To sum up this section: Workspaces are where users’ work happens, while Unity Catalog is where data is defined, secured and tracked. Understanding how those two planes interact is a thread that runs through most of the sections that follow.
What does Unity Catalog do?
One frequent point of confusion worth addressing right off the bat: Unity Catalog does not store the data itself. It stores metadata — in other words, the definitions, schemas, permissions, and lineage records that describe where your data lives and who can access it. Your actual data stays in your cloud object storage, such as AWS S3 or Azure Blob Storage. Earlier, Unity Catalog was described as a governance layer. More specifically, Unity Catalog handles the following within Databricks:
- Access control — Define who can access what data via a centralized privilege management system
- Automatic column-level lineage and audit logging tied to user identity — Trace where your data stems from
- Data discovery and business semantics — Explore catalogs and schemas you have access to from your workspaces and define business semantics via metric views
- Delta Sharing for governed cross-organizational data access without copying data — Share data with low overhead
Unity Catalog Hierarchy
To perform these capabilities, Unity Catalog relies on a three-level namespace to organize data within Databricks. You reference any object using its three-part name: catalog.schema.table. For example, prod_finance.reporting.monthly_revenue. This naming convention is enforced everywhere in Databricks — notebooks, SQL editor, Jobs and the REST API all use it.

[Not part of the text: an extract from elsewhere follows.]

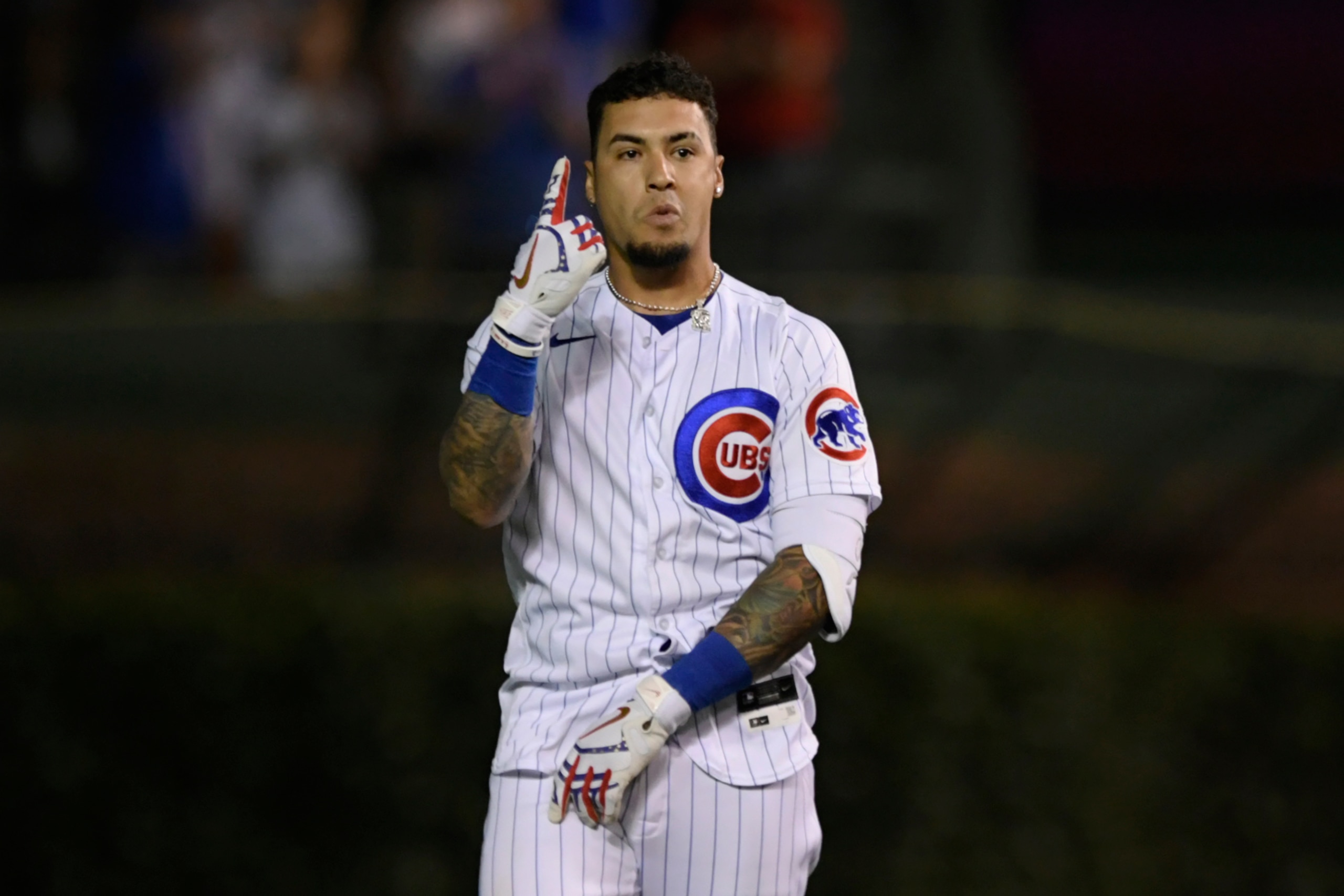 Chicago Cubs' Javier Baez celebrates after hitting a walk-off single in the ninth inning to defeat the Cincinnati Reds 6-5 in a baseball game Monday, July 26, 2021, in Chicago. (AP Photo/Paul Beaty)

You may be wondering why workspace aren’t in this hierarchy: Workspaces sit outside the three-level namespace because they’re execution environments, not data containers — i.e. the same catalog can be reached from any workspace bound to its metastore, so workspace boundaries don’t provide data isolation on their own. Isolation occurs at the catalog level via workspace-catalog binding as an additional guardrail on top (more on binding in the “access control” section of the post).
You can think of the figure below as a zoomed-in view into just the “metastore” component from the previous diagram:
The metastore is the top-level container within Unity Catalog. As mentioned, there is one metastore per Databricks account per region. Every workspace in that region attaches to the same metastore. The metastore stores metadata, including the definitions of catalogs, schemas, tables, privileges and lineage. What the metastore does not provide is data isolation — and this is one of the most important things to understand early. The metastore is shared infrastructure. If you need to enforce access separation between environments, teams, or domains, that happens one level lower at the catalog level, not at the metastore level. Databricks states this explicitly in their best practices: “metastores provide regional isolation but are not intended as default units of data isolation.”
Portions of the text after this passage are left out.